> **Requirement**
Copy exactly the lines of the data below, beginning with the line with "السيارة للبيع من" and ending with the line with "نوع الهيكل: سيارة". Pictures are to be omitted.

> **Supplied material**
⟨
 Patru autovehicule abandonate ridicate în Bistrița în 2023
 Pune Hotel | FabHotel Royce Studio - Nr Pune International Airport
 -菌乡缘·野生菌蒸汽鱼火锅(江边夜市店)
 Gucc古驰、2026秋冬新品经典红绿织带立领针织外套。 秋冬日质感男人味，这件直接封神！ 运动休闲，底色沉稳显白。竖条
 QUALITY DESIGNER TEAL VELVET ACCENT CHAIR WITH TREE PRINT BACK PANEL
⟩
⟨
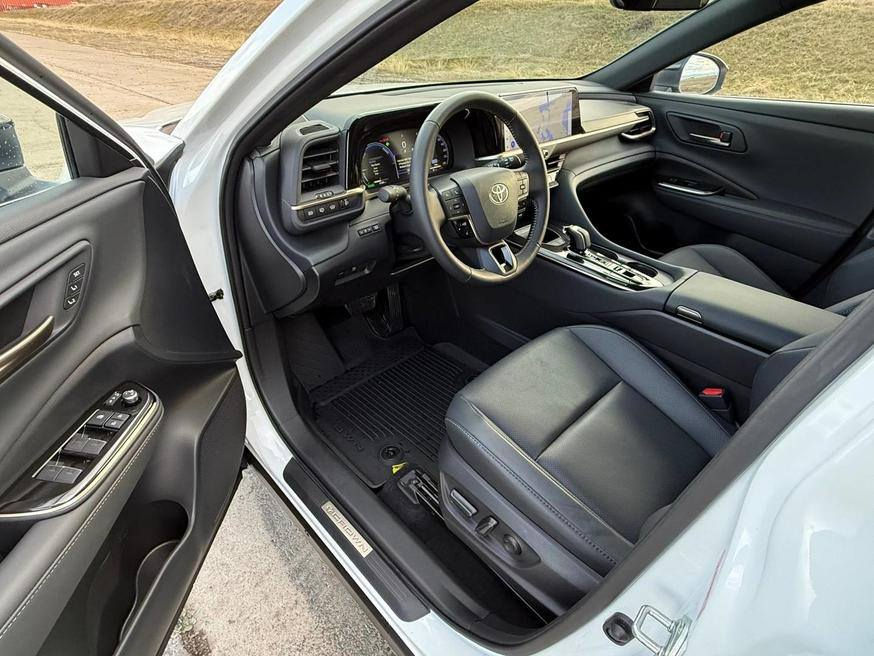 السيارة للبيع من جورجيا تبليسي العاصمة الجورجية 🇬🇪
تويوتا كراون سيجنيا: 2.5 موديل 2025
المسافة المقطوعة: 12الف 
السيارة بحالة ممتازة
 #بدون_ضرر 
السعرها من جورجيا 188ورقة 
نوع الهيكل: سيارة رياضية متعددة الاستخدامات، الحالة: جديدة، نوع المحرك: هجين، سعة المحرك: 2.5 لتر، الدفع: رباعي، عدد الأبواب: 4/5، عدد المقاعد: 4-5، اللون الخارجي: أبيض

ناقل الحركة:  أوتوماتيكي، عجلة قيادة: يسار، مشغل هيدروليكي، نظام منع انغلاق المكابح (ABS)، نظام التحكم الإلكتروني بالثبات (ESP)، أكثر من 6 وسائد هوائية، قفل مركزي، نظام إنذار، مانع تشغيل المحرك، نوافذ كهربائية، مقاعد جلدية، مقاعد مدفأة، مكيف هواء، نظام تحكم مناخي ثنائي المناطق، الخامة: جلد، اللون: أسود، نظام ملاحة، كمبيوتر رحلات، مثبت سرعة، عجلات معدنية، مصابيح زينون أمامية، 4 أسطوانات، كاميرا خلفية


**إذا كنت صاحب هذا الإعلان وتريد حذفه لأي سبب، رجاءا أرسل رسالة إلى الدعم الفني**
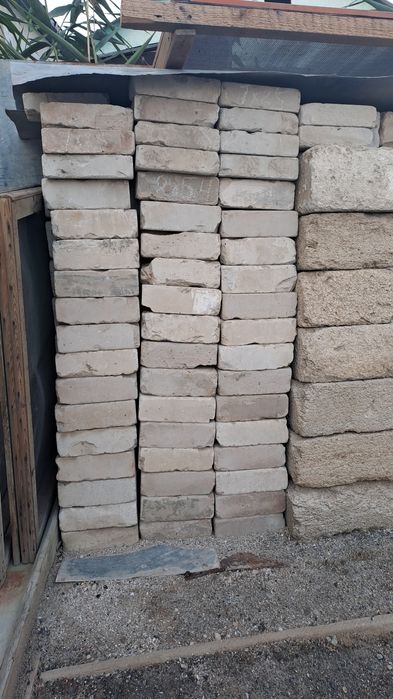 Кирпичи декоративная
⟩
⟨
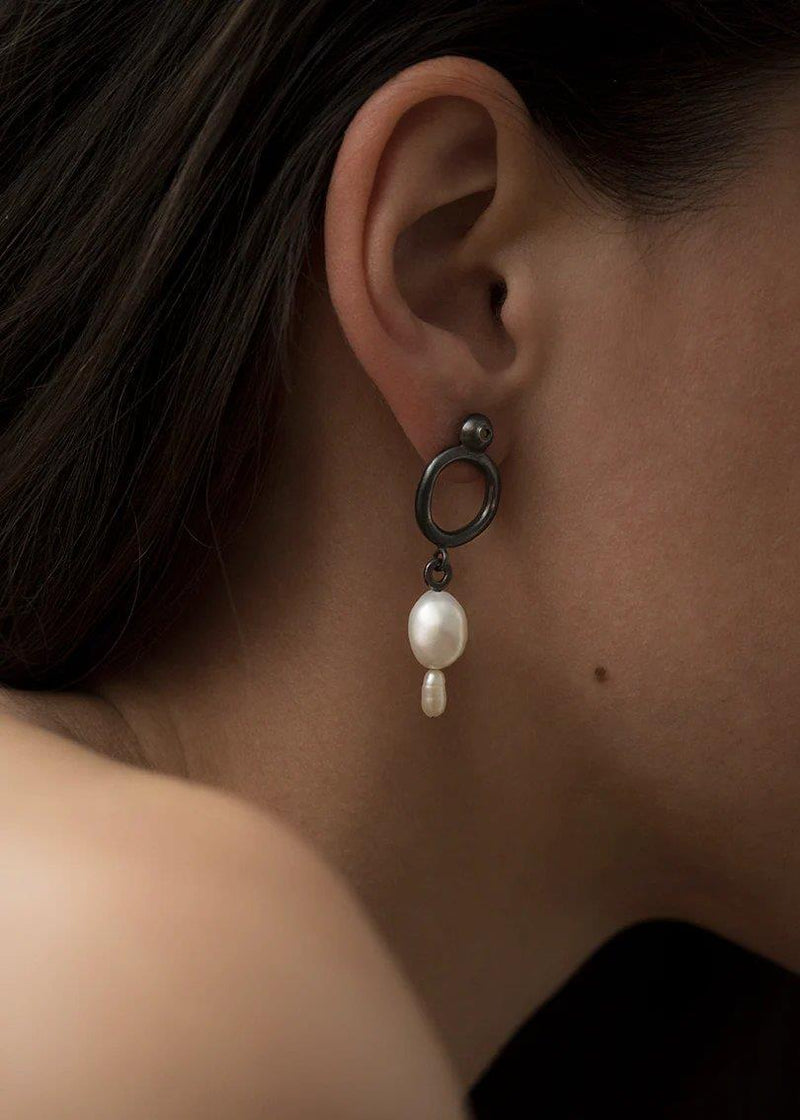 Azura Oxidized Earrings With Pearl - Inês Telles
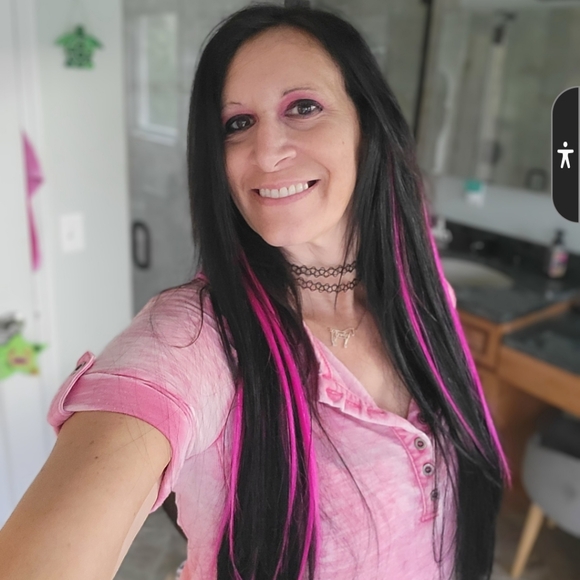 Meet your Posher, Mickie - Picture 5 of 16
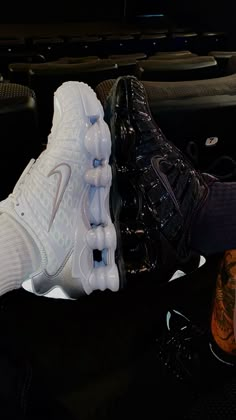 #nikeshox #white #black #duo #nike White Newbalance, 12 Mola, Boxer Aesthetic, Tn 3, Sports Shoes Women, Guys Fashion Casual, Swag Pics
⟩
> **Task solution**
 السيارة للبيع من جورجيا تبليسي العاصمة الجورجية 🇬🇪
تويوتا كراون سيجنيا: 2.5 موديل 2025
المسافة المقطوعة: 12الف 
السيارة بحالة ممتازة
 #بدون_ضرر 
السعرها من جورجيا 188ورقة 
نوع الهيكل: سيارة رياضية متعددة الاستخدامات، الحالة: جديدة، نوع المحرك: هجين، سعة المحرك: 2.5 لتر، الدفع: رباعي، عدد الأبواب: 4/5، عدد المقاعد: 4-5، اللون الخارجي: أبيض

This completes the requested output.